WHAT TO PRODUCE: With the pictures left out, please return exactly the line holding "Tarifs pédalos 2025 Tarifs pédalos 2025" and each following line until the entries end.

EXERCISE DATA:
[Start of section]
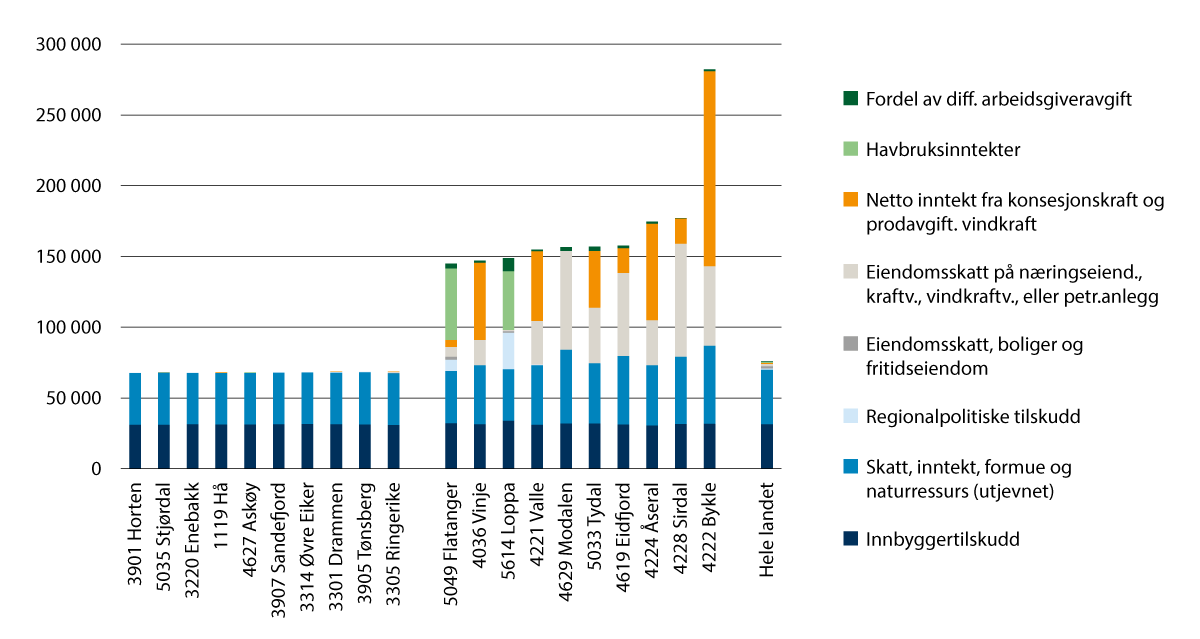 Figur 9.6 Korrigerte frie inntekter per innbygger i 2024. De 10 kommunene med høyest og de 10 kommunene med lavest inntekter.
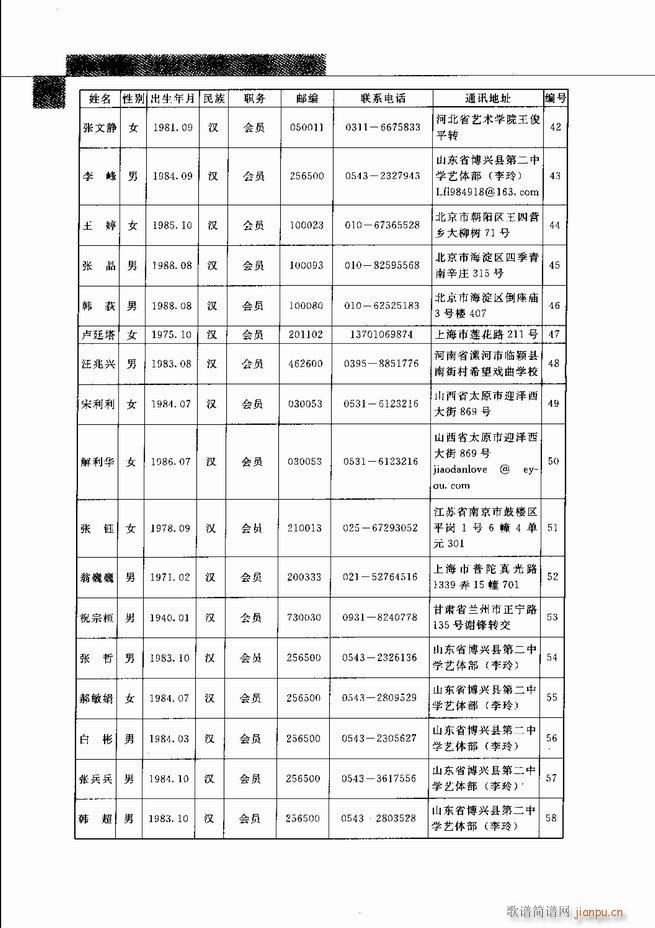 Їˇg(sh)541 598(V)34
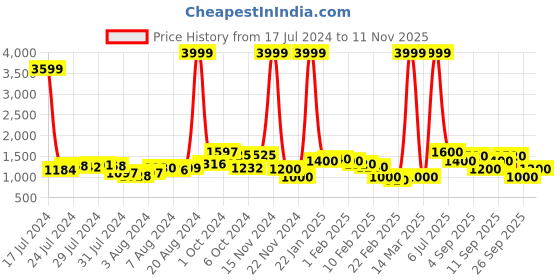 ajio.com adorly Lace-Up Ankle-Length Boots adorly Price History Graph from 17 Jul 2024 to 11 Nov 2025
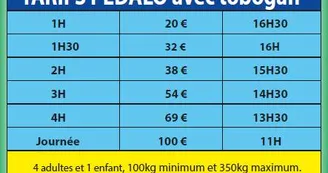 Tarifs pédalos 2025 Tarifs pédalos 2025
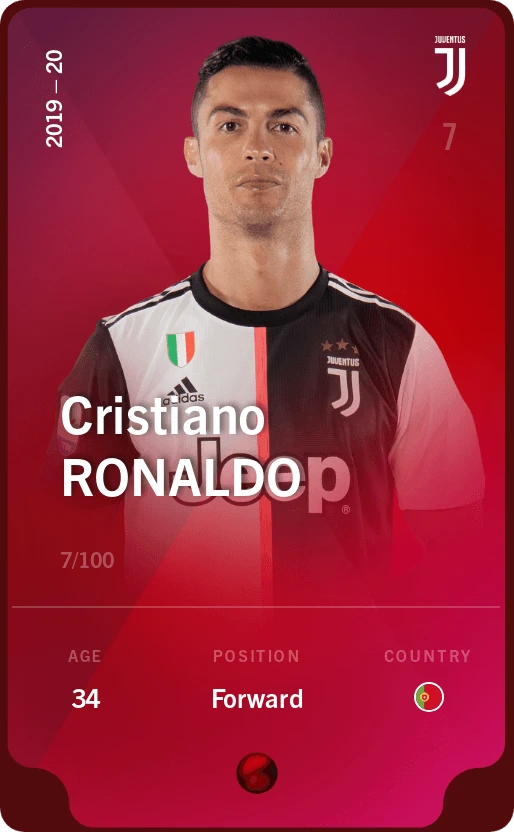 Ronaldo Rare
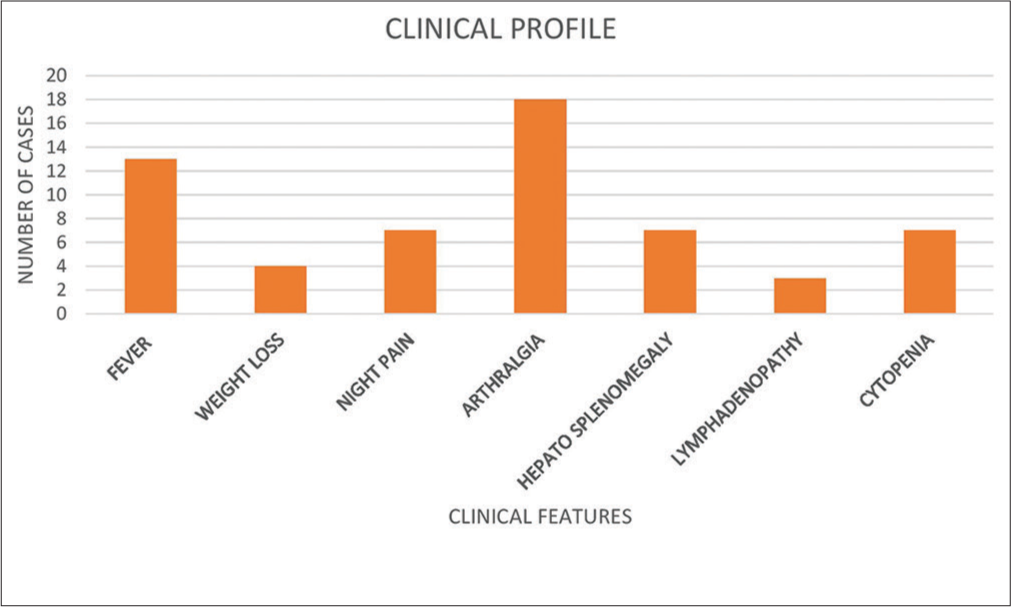 Common symptoms and signs in children with acute lymphoblastic leukemia initially diagnosed as Systemic onset Juvenile Idiopathic Arthritis.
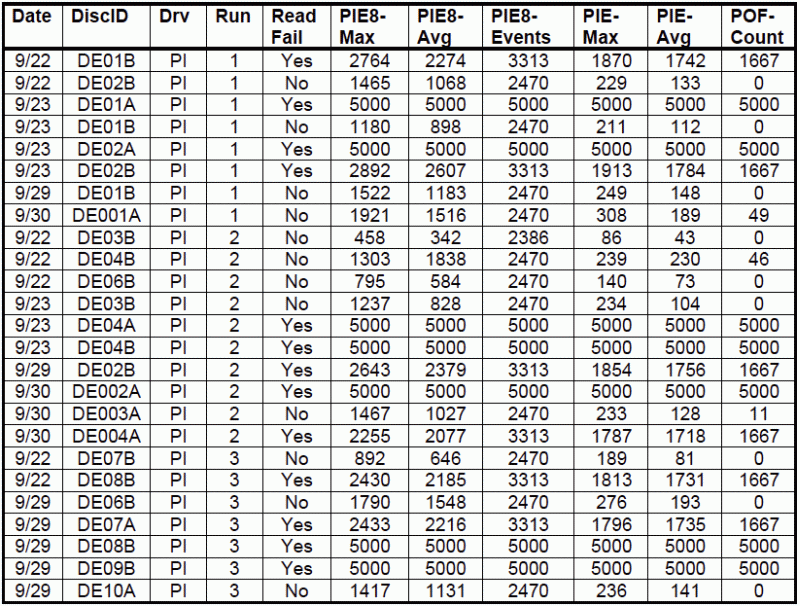 Table C-1 from The Final Report for Millenniata DVD Testing M-Disc Test Results: Table C-1. Delkin Post Test Data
[End of section]
SOLUTION TO THIS TASK:
 Tarifs pédalos 2025 Tarifs pédalos 2025
 Ronaldo Rare
 Common symptoms and signs in children with acute lymphoblastic leukemia initially diagnosed as Systemic onset Juvenile Idiopathic Arthritis.
 Table C-1 from The Final Report for Millenniata DVD Testing M-Disc Test Results: Table C-1. Delkin Post Test Data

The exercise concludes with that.